Industry-wide collective agreements have been accepted in Ireland for many years. In this judgement, the Supreme Court has ruled the system for governing terms and conditions of employment in the electrical industry and, by extension, other industries, unconstitutional.
Two main collective systems apply in Ireland. One, the Joint Labour Committee system, was ruled unconstitutional by the High Court in 2011. The second, Registered Employment Agreements (REAs), has now suffered a similar fate in the Supreme Court.
The appellants were electrical contractors concerned that wage rates for electricians in the industry were being enforced by the Labour Court, even though many were not party to negotiations. The Supreme Court has found that the REAs, set up under Part III of the Industrial Relations Act 1946, are unconstitutional in that only the Oireachtas can make legislation - it cannot cede powers on these matters to the Labour Court.

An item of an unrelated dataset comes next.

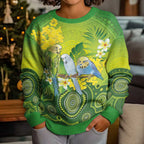 Personalised Budgerigar Australia and Golden Wattle Kid Ugly Christmas Sweater Budgie Aboriginal Art - Aussie Hoodie
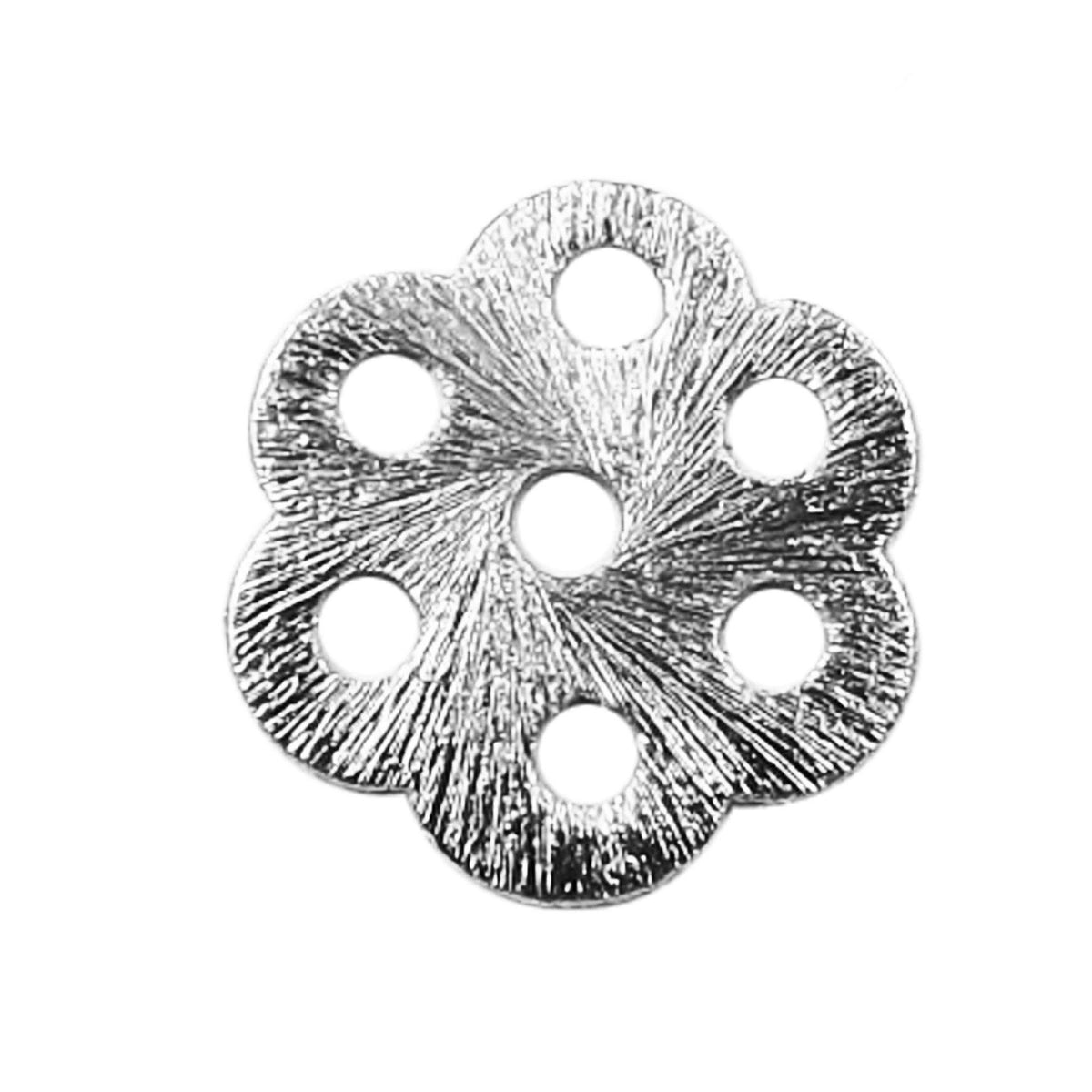 Artisan silver overlay over copper handcrafted floral disc bead with multiple holes made in India for jewelry making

The Supreme Court noted that the 1946 Act contained two mechanisms under which a general sectoral agreement made in respect of terms and conditions of employment in a specified industry or sector of an industry may become legally enforceable both in civil and criminal law but found that the powers given to parties within the industry, albeit subject to challenge at the Labour Court, were excessive and unconstitutional:
"In effect, Part III allows the parties to an employment agreement to make any law they wish in relation to employment so long as the Labour Court considers them to be substantially representative of workers and employees in the sector, and does not consider the agreement itself to be unduly restrictive of employment or make provision for unduly costly or inefficient methods of work or machinery, and otherwise complies with the formal requirements of s.27. No guidance or instruction is given to the Labour Court as to how the matters of representativity or restriction on employment or inefficiency or costly methods of work, are to be gauged. The process permitted by Part III cannot be said to be merely the filling in of gaps in a scheme already established by the Oireachtas: in truth the Oireachtas which enacted the 1946 Act could have no idea of even those areas which may be subject to regulation in an employment agreement sought to be registered under the Act, and no conception still less control of the possible range of regulation that might be made in respect of each such matter. Nor did the Oireachtas retain any capacity for review either by the Oireachtas or by a member of the Executive responsible to it, of the agreements actually made. Whatever may be thought of a scheme which permits parties to an agreement to clothe that agreement with certain legal consequences including the possibility of enforcement by criminal proceedings, once such an agreement purports to become binding on non-parties pursuant to s.30 of the Act, it passes unmistakably into the field of legislation which by Article 15 is the sole and exclusive preserve of the Oireachtas. The limited and essentially negative limitations imposed by s.27(3)(d) are plainly inadequate to bring the exercise of such power within constitutional limits."